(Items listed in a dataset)
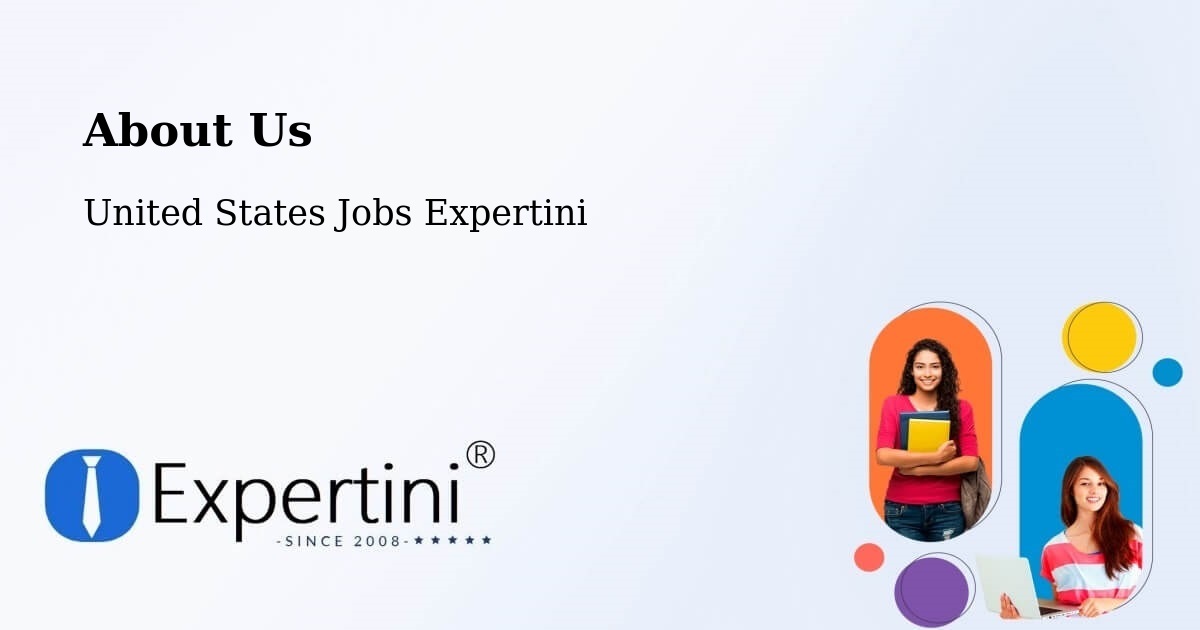 About Expertini Recruitment Platform  – Greenvale - Greenvale, United States Jobs Expertini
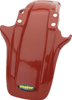 Front Fender - Red - For 85-86 Honda ATC250R Front Fender - Red - For 85-86 Honda ATC250R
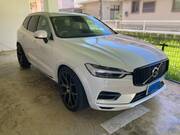 2018 VOLVO XC60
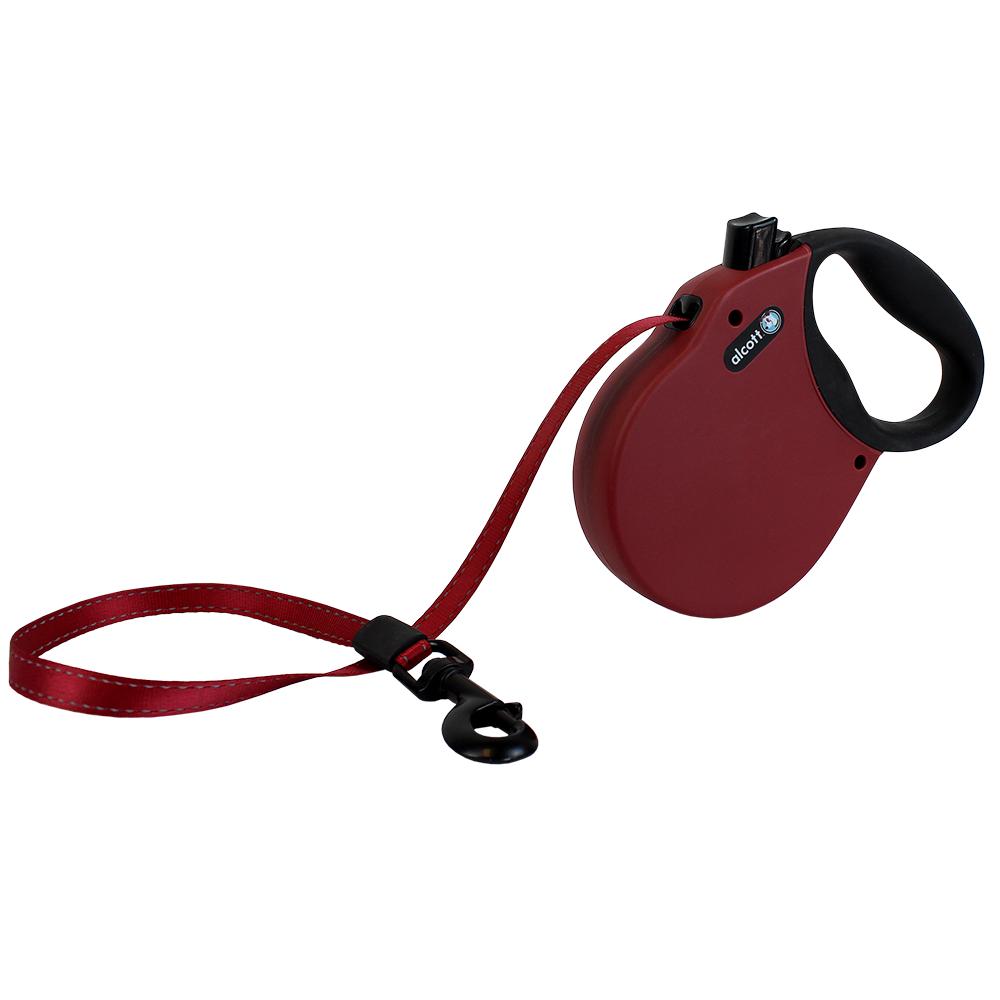 Alcott Adventure Retractable Leash Smart Pet Kuwait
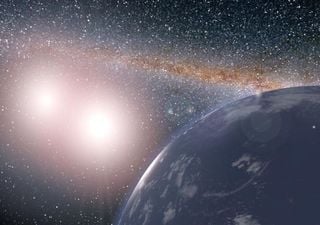 E se não houver vida noutros planetas? Os cientistas calculam quantos exoplanetas nos dirão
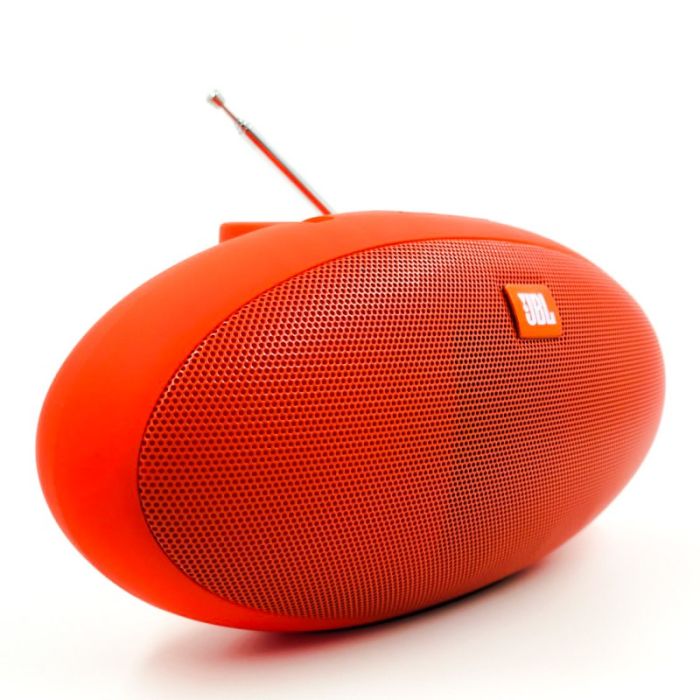 Портативная Bluetooth колонка JBL  TG-136 Red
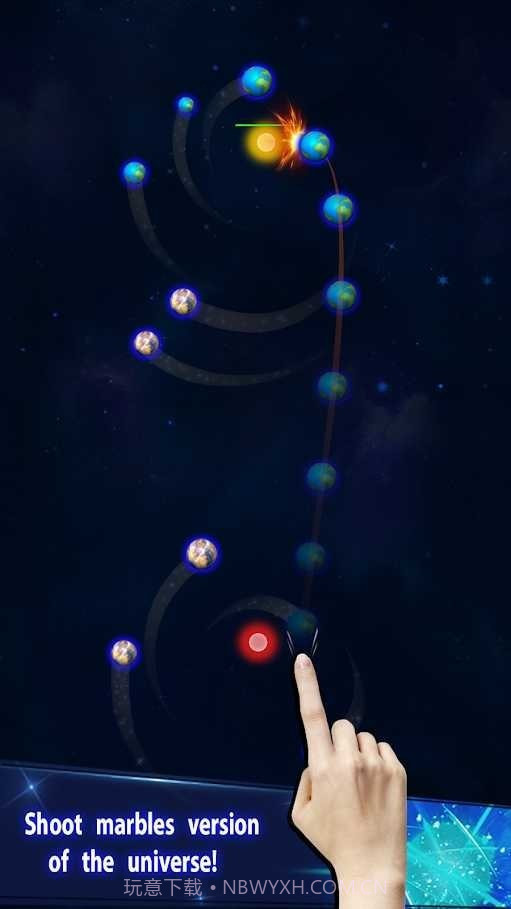 宇宙大师打破地球截图2 宇宙大师打破地球截图2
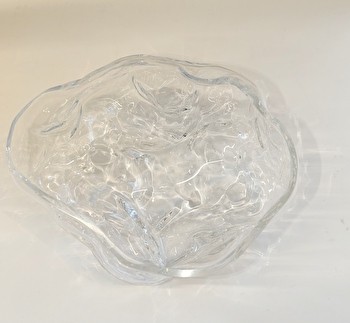 Tajunnanvirta II  6x15x12cm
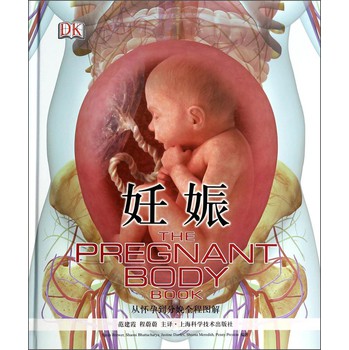 妊娠：从怀孕到分娩全程图解 下载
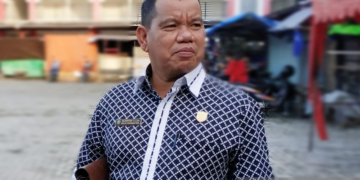 DPRD Berharap Pemkab Tekan Kenaikan Harga Bahan Pokok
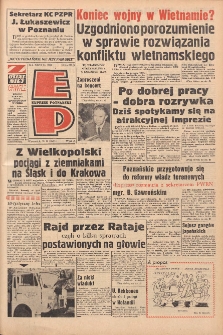 Express Poznański 1972.10.26 Nr253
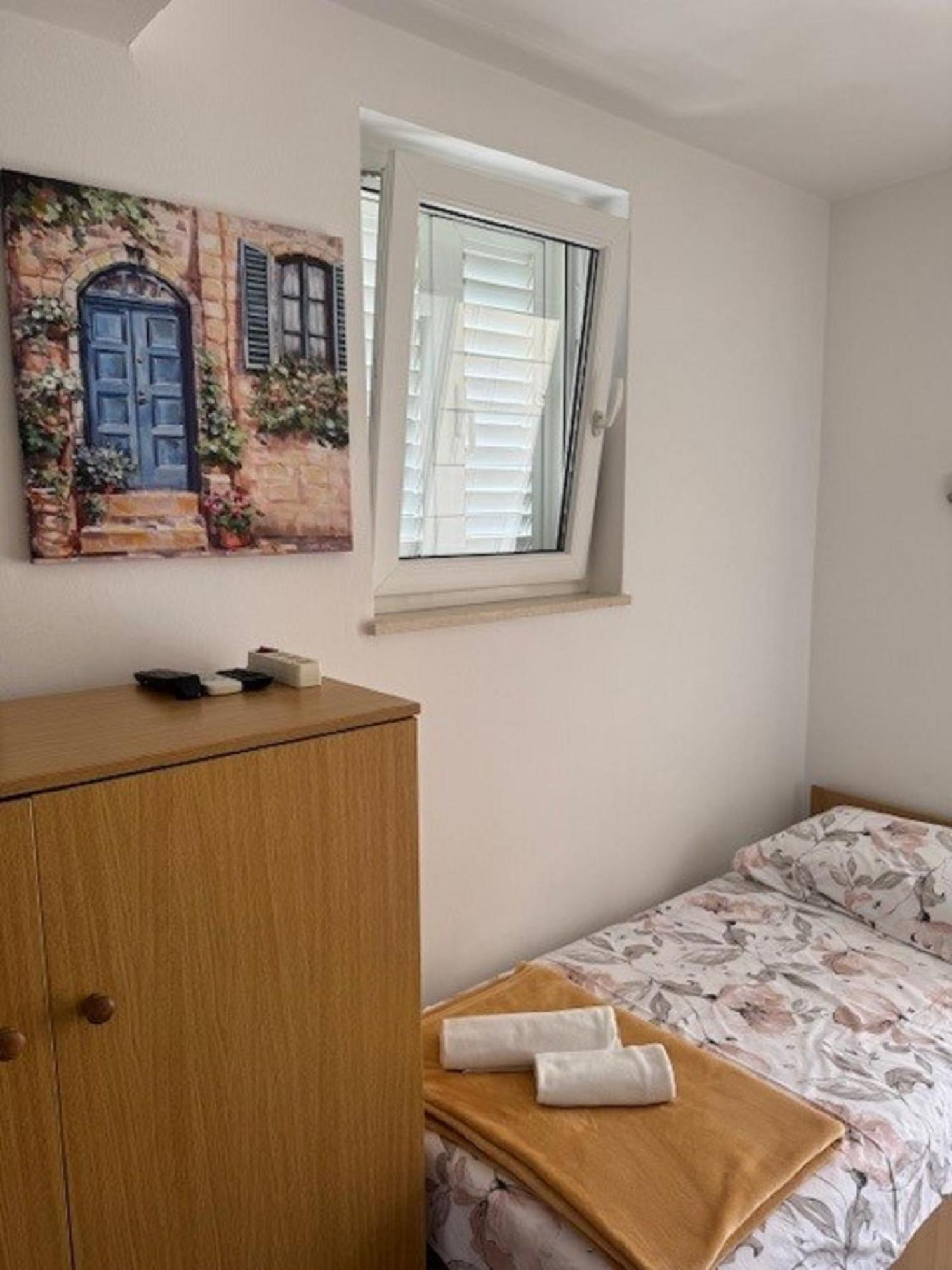 Katarina Rooms Dubrovnik Exterior foto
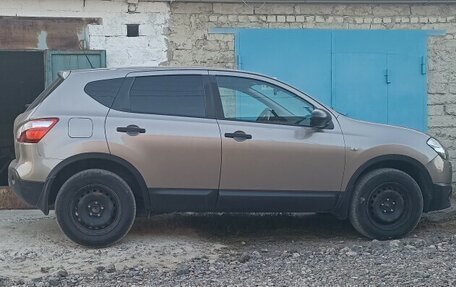 Nissan Qashqai, 2011 год, 1 350 000 рублей, 1 фотография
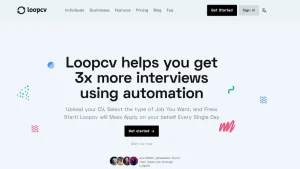 Loopcv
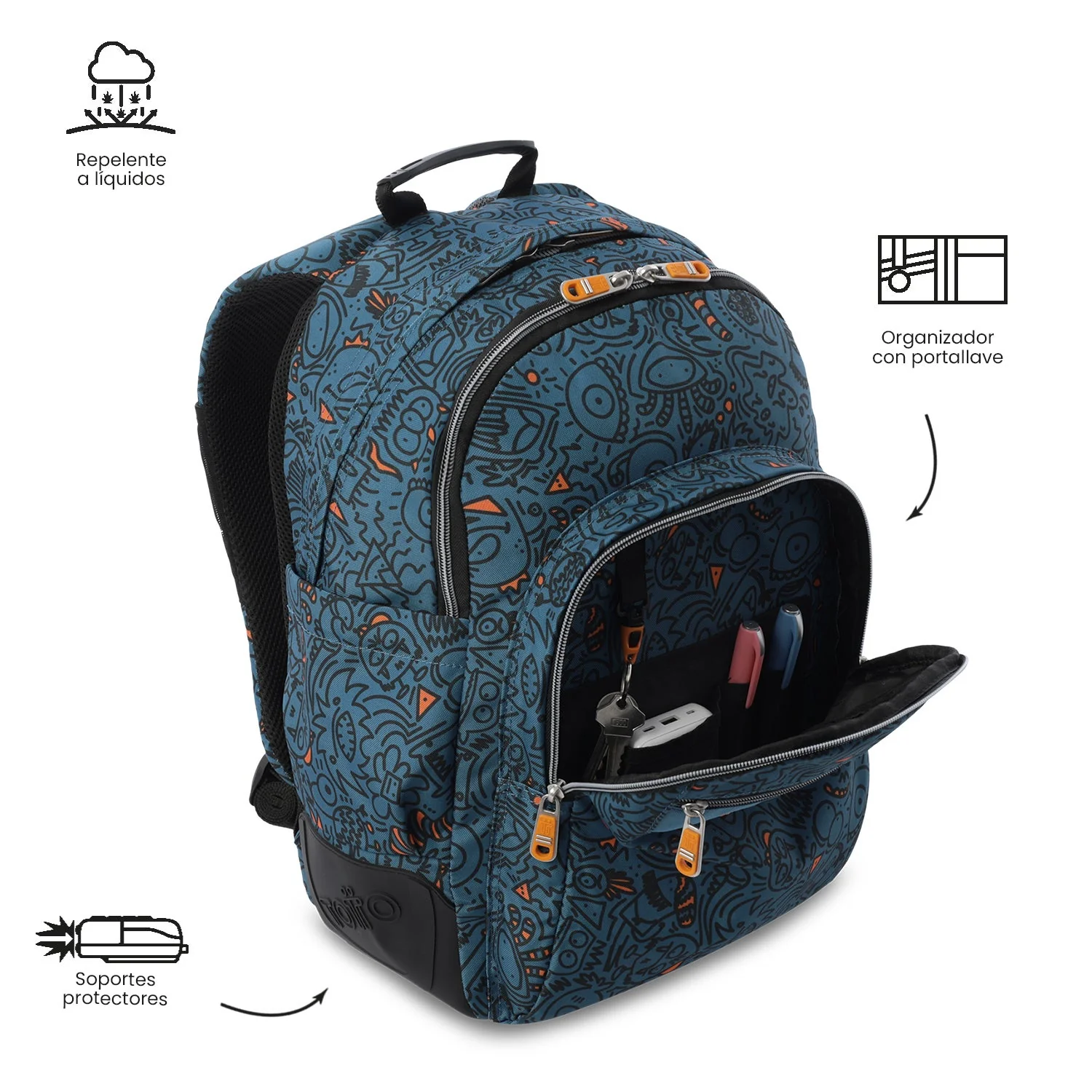 Mochila Rayol - Image 153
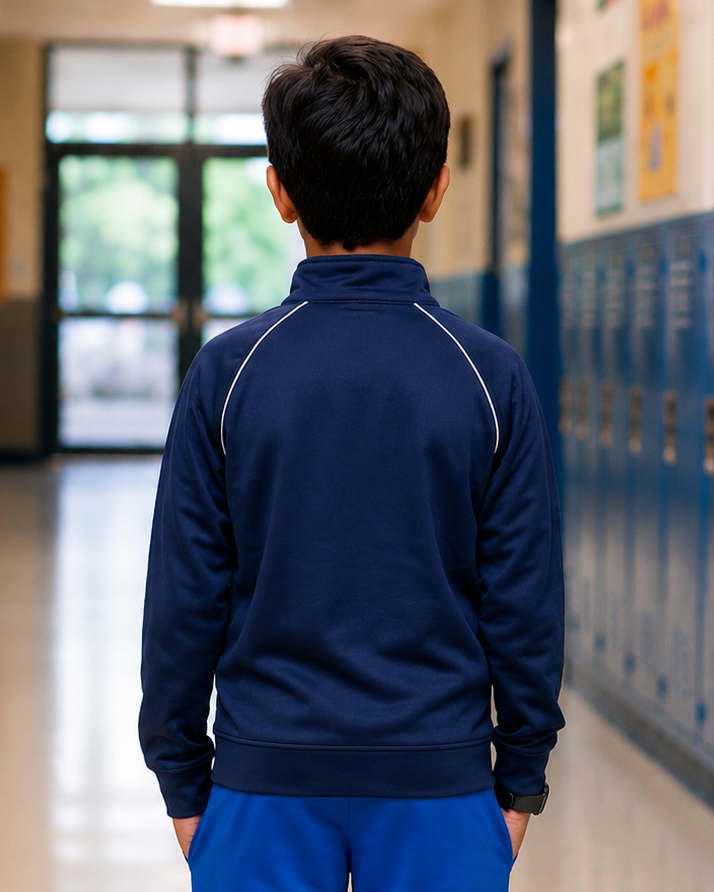 Jacket - MGM School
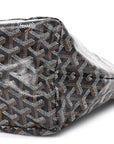 Goyardine Saint Louis PM Black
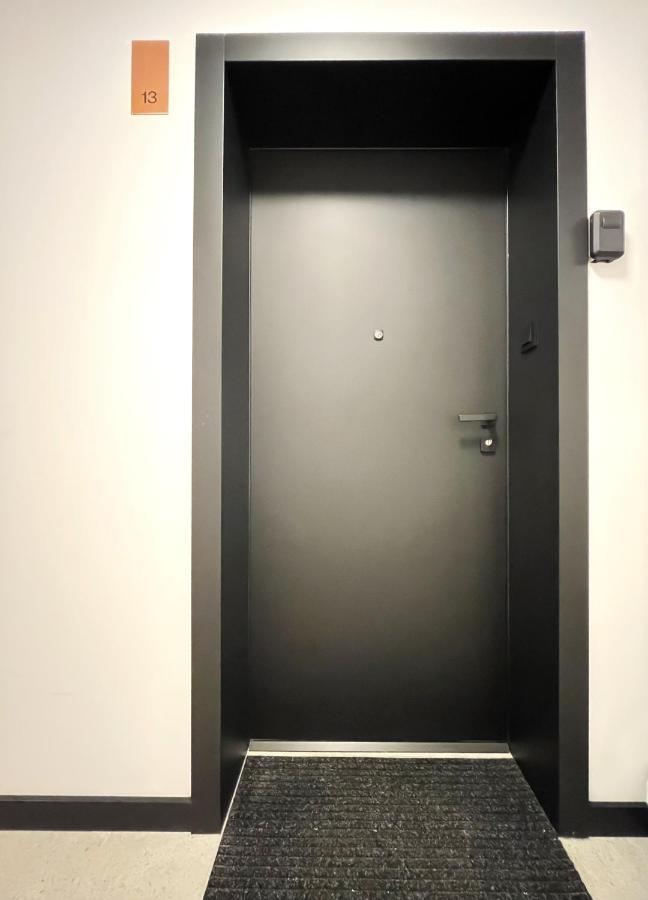 Wyszynskiego Apartment - Self Check-In 20H - Parking &Lift 弗罗茨瓦夫 外观 照片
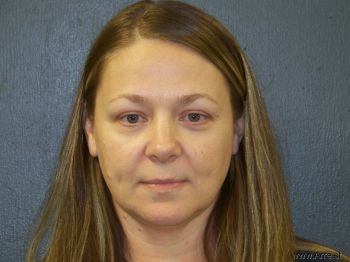 Tracey Lynee Chandler Mugshot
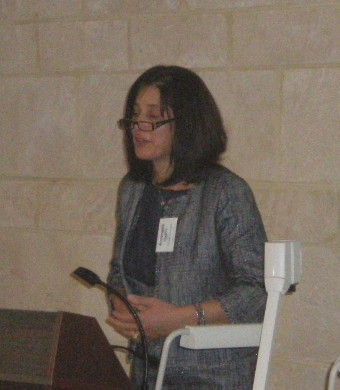 Photo: Antonella Poncini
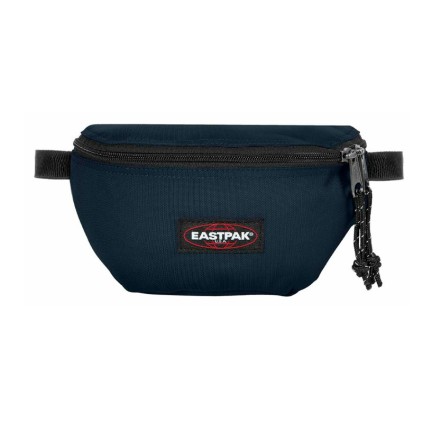 Bolsa de cintura Eastpak Springer Ultra Navy: estilo e praticidade em acessórios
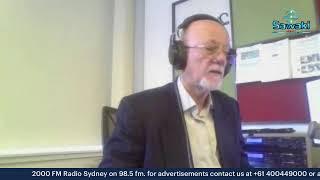 ARABIC RADIO SYDNEY AUSTRALIA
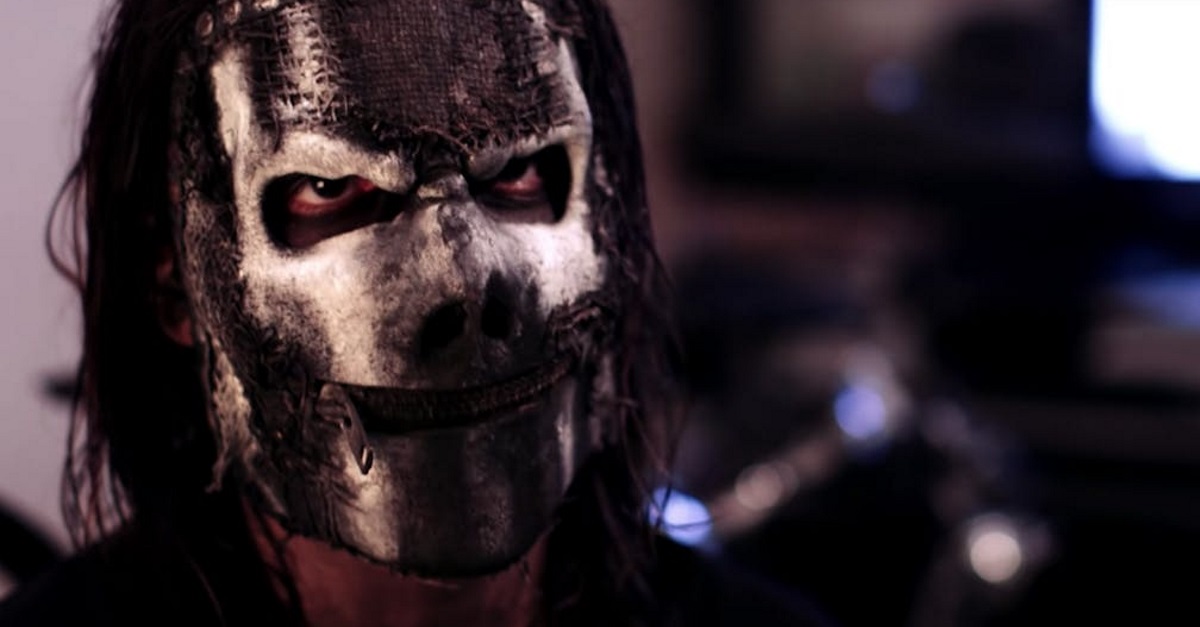 Watch the Story of How Jay Weinberg Joined Slipknot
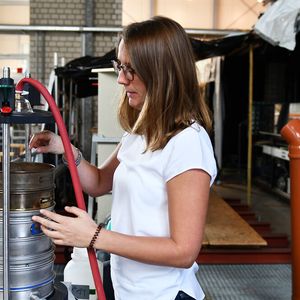 (FH Münster/ Katharina Kipp)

#### [Problem statement]
The records above are to be restated exactly, with all pictures omitted.

#### [Exercise answer]
 About Expertini Recruitment Platform  – Greenvale - Greenvale, United States Jobs Expertini
 Front Fender - Red - For 85-86 Honda ATC250R Front Fender - Red - For 85-86 Honda ATC250R
 2018 VOLVO XC60
 Alcott Adventure Retractable Leash Smart Pet Kuwait
 E se não houver vida noutros planetas? Os cientistas calculam quantos exoplanetas nos dirão
 Портативная Bluetooth колонка JBL  TG-136 Red
 宇宙大师打破地球截图2 宇宙大师打破地球截图2
 Tajunnanvirta II  6x15x12cm
 妊娠：从怀孕到分娩全程图解 下载
 DPRD Berharap Pemkab Tekan Kenaikan Harga Bahan Pokok
 Express Poznański 1972.10.26 Nr253
 Katarina Rooms Dubrovnik Exterior foto
 Nissan Qashqai, 2011 год, 1 350 000 рублей, 1 фотография
 Loopcv
 Mochila Rayol - Image 153
 Jacket - MGM School
 Goyardine Saint Louis PM Black
 Wyszynskiego Apartment - Self Check-In 20H - Parking &Lift 弗罗茨瓦夫 外观 照片
 Tracey Lynee Chandler Mugshot
 Photo: Antonella Poncini
 Bolsa de cintura Eastpak Springer Ultra Navy: estilo e praticidade em acessórios
 ARABIC RADIO SYDNEY AUSTRALIA
 Watch the Story of How Jay Weinberg Joined Slipknot
 (FH Münster/ Katharina Kipp)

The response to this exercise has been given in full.